What is tolerable or enjoyable work depends on what you are accustomed to and
other factors. Would you rather clean toilets, deal with an irate customer, be
on a rooftop in the summer sun, be on an open platform ten stories in the air,
or wade in some unknown sludge? Some people have issues with a different
subset of those than others, so there isn't a strict ordering.

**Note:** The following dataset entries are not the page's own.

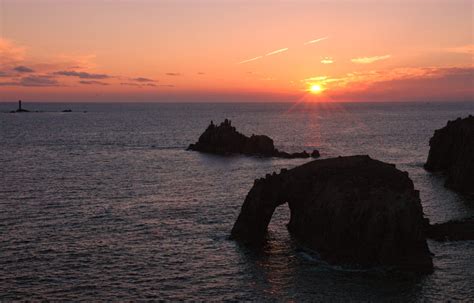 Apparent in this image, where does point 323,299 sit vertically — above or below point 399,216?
below

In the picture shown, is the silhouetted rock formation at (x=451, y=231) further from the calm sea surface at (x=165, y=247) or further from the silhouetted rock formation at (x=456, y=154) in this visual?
the silhouetted rock formation at (x=456, y=154)

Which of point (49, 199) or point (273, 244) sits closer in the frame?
point (273, 244)

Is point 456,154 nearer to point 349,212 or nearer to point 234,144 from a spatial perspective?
point 349,212

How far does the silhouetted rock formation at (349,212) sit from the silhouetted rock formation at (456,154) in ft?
101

My point was that it's odd to me to hold being a janitor up as some kind of
extreme end of a spectrum. It's not what you do when all else fails. It's not
the thing that people with no skills and no experience are automatically
assigned to.

However, if a day labor place sends someone to sweep up a warehouse, I
wouldn't call that being a janitor. Maybe some would.

------
rogerkirkness
Realizing that diligence was a middle class status signaling value that did
not apply in capital class circles was an interesting lesson. Elon Musk
constantly talks about how you have to work twice as much as other people,
where as Jeff Bezos is pretty open about going in for about 6-7 hours a day.
Who is right? The answer is either one, they have different values, that hard
work is subjective, and that you should just do what you want and what works.
Hard work is the original virtue signaling in a growth economy. It says, I'm
important, I'm needed, etc. But in practice it often means diligence which is
often not correlated to effectiveness in most (not all) fields of knowledge
work.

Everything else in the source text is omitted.